* **Directions for this task**: What is needed is an exact copy of the lines in the entries below from the one holding "La Nuova PROF" through the one holding "FC Barcelona Away", pictures excluded.

* **Material provided**:
####################
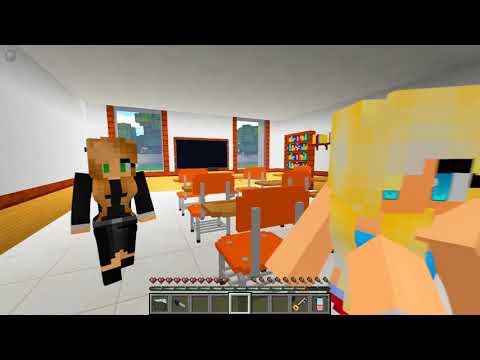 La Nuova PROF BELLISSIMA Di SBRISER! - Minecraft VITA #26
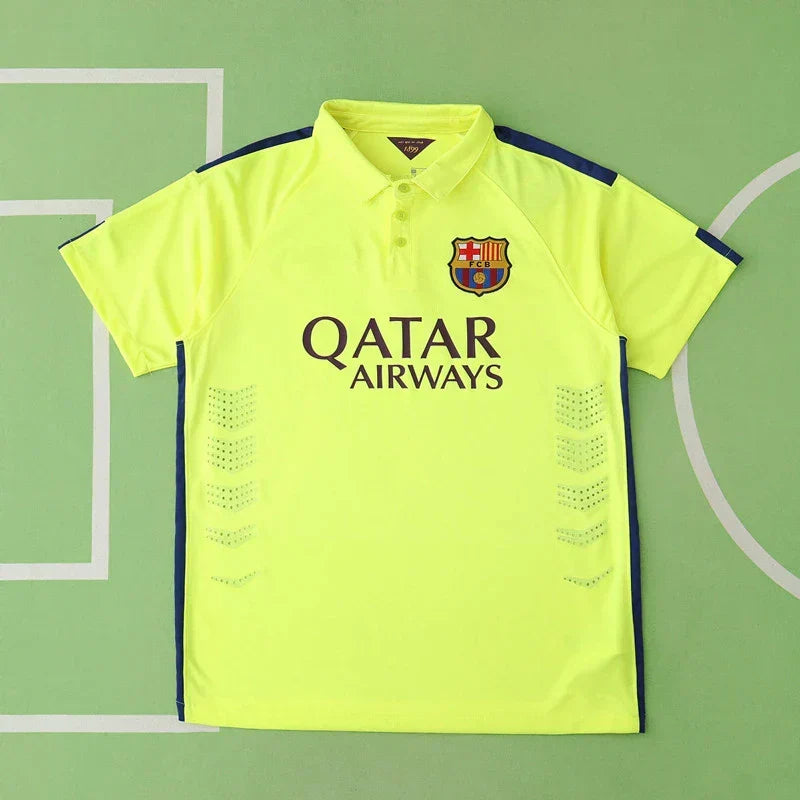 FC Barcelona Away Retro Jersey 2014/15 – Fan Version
####################
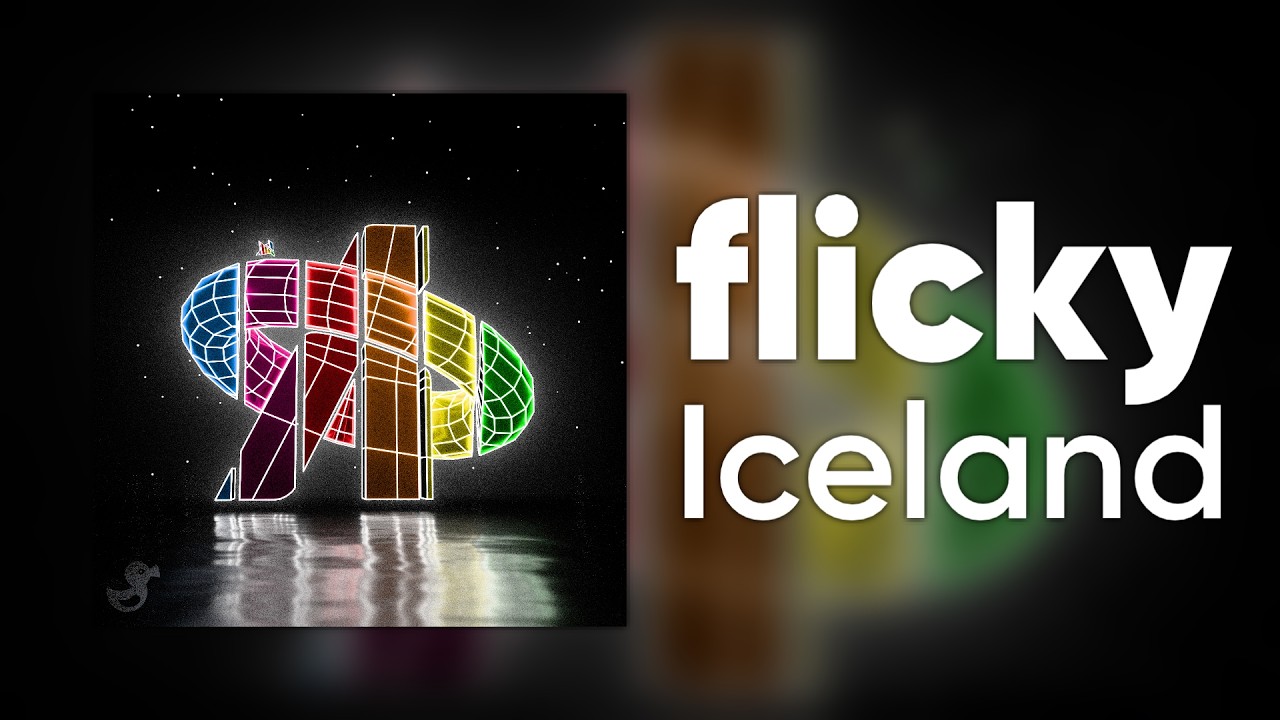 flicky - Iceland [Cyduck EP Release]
####################
* **Output of the task**:
 La Nuova PROF BELLISSIMA Di SBRISER! - Minecraft VITA #26
 FC Barcelona Away Retro Jersey 2014/15 – Fan Version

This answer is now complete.